“Providing access for all to education is my conviction, and it is the responsibility of those of us who hold any public office. We must guarantee the right to exercise this responsibility; to live it, to enjoy it and enjoy it fully. These are the rights of all people,” says Professor Alfonso Cassiani, speaking of what inspired him to advocate for the integration of refugees, displaced and returning young people and children in Cartagena’s schools (Colombia).

Alfonso Cassiani, born in San Basilio de Palenque, an Afro-Colombian community in Bolivar, Colombia, experienced the displacement of his parents, who suffered from racism and discrimination because of their African heritage. As a student, he faced similar challenges. His experience made him understand the difficulties of being both a refugee and a displaced young person in education.
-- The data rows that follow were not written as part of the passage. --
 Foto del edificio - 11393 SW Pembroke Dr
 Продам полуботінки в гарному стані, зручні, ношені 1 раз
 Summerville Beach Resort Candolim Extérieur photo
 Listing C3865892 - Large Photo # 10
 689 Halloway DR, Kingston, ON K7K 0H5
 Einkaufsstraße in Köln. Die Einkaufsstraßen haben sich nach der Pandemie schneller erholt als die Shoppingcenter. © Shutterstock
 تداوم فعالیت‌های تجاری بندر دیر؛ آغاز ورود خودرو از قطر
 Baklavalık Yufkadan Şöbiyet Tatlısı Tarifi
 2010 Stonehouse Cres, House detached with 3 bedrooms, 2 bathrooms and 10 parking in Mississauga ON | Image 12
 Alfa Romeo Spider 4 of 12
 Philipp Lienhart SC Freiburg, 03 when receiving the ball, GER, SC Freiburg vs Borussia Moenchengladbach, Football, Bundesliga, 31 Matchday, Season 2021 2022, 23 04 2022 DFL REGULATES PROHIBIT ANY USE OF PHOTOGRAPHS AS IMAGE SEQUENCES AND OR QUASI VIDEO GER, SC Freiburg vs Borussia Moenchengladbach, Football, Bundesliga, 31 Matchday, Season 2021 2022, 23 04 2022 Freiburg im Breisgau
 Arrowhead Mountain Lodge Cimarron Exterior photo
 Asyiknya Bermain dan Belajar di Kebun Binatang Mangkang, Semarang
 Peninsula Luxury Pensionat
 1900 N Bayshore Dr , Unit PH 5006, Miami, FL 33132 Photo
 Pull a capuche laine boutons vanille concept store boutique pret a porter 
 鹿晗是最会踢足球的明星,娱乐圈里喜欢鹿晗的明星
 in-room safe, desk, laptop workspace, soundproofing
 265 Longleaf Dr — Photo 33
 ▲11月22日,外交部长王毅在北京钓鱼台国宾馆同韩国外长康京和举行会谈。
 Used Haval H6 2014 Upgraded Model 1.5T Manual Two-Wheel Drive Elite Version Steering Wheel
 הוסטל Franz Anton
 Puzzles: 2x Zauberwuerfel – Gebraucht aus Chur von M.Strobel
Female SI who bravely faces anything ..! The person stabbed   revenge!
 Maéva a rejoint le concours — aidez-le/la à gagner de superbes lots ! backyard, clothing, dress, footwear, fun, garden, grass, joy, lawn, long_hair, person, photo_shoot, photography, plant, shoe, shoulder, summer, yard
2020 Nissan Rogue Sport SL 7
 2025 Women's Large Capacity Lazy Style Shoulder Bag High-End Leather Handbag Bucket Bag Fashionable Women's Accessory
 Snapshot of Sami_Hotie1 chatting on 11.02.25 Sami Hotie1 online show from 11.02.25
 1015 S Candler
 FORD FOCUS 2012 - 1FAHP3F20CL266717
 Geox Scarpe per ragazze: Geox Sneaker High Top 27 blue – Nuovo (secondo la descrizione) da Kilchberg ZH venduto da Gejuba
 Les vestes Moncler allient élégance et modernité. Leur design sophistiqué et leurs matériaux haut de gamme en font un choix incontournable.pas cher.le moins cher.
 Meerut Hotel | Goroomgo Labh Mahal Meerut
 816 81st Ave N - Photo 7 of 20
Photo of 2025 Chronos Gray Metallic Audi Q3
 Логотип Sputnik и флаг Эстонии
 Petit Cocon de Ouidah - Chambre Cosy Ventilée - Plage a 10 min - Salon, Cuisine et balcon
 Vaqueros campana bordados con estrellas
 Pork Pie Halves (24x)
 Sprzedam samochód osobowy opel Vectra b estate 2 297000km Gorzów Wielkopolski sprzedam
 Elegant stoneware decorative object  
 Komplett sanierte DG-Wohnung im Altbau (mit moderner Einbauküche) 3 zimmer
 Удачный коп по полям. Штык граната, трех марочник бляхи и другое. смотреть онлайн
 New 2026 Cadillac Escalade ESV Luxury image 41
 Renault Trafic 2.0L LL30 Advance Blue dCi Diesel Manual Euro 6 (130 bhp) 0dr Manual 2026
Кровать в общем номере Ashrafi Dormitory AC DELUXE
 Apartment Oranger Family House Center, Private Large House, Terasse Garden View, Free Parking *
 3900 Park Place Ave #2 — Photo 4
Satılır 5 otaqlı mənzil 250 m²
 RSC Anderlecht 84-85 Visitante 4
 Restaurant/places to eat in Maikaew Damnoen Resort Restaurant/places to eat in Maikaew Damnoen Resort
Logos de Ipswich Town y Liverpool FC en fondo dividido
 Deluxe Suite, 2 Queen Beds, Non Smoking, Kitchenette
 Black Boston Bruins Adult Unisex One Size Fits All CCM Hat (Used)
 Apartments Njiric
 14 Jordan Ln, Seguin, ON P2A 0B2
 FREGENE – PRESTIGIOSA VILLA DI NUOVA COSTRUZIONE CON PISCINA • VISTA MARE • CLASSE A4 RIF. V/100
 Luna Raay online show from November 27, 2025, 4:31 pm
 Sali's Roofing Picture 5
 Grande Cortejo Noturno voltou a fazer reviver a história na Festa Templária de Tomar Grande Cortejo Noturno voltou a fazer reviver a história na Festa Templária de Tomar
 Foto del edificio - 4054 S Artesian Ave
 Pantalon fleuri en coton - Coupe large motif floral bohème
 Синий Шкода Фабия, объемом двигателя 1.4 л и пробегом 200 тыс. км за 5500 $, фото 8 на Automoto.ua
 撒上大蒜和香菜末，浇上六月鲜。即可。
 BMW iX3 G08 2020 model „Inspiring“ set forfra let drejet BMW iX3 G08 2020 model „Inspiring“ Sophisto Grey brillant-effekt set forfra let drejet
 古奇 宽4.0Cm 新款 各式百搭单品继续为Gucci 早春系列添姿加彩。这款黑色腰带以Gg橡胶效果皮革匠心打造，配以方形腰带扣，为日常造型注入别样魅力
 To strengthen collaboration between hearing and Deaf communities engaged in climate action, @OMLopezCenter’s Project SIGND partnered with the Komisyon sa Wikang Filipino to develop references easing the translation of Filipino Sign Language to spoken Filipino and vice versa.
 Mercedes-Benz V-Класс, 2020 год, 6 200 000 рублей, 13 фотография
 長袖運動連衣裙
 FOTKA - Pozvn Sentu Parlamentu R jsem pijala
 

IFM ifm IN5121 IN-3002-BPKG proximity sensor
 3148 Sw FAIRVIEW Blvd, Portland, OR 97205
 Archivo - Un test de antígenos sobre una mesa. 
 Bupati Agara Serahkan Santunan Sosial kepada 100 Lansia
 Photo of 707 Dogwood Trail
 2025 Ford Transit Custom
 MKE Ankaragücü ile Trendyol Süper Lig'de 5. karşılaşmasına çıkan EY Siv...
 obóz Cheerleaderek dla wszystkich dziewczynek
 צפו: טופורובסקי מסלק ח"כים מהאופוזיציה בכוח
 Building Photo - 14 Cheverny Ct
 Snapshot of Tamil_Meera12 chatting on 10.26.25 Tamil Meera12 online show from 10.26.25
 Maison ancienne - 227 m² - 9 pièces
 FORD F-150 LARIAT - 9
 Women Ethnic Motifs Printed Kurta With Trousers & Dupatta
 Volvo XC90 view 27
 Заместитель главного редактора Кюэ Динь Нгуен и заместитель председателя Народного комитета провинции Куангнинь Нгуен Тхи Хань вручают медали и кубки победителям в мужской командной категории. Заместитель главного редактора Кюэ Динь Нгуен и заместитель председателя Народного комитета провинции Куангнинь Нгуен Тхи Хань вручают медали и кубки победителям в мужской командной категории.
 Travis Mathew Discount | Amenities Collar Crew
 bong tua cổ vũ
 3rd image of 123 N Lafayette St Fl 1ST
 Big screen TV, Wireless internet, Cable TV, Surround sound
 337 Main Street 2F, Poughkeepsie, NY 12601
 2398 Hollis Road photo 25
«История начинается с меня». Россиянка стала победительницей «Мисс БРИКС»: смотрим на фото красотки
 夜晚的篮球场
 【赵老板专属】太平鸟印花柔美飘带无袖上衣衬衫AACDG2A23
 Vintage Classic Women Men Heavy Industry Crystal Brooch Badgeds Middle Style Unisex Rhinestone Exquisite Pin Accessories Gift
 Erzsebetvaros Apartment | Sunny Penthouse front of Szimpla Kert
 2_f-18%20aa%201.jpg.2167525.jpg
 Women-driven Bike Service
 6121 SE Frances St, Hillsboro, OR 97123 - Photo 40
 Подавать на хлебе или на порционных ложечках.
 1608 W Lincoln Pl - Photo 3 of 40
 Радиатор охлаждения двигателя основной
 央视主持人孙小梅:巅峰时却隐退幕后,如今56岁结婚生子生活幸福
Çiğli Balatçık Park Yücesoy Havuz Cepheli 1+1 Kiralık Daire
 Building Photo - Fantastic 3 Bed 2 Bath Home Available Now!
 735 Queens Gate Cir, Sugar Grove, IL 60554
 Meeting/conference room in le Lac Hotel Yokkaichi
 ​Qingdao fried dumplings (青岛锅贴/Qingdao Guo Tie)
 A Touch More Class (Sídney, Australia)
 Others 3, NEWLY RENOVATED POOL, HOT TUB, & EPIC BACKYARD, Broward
With more than 30 years of teaching experience, he is currently the Rector of the Antonia Santos Ethno-educational and Inclusive Institution in Cartagena, and is an advocate for the inclusion of displaced persons in Colombia’s educational system. He oversees four school sites ranging from pre-school through to high school, with more than 2,300 students; 30% of whom are displaced.

Professor Cassiani stresses the importance of the inherent rights of all students, including children and young people. In 2019, with the arrival of refugees Venezuelan and Colombian migrants returning from Venezuela  he faced the challenge of guaranteeing their access to education for them all. He considers that this is not a favour from him, but a fundamental right of theirs.

To address this situation, the Pedagogy and Protection for Refugee and Migrant Children with a Mixed Approach (PPN) project was established in collaboration with UNHCR and Legal Option. This project seeks to create inclusive environments and to improve access, permanence and continuity of an education for refugees, migrants and returning children and adolescents. This project has succeeded in adapting teaching plans and promoting inclusion and interculturalism in schools, improving the quality of education and promoting school retention.

As an English teacher with 18 years’ experience in Colombia, Astrid emphasises that the project has helped to foster respect for interculturality and to overcome social and cultural barriers in the classroom, thus strengthening interpersonal relationships amongst students.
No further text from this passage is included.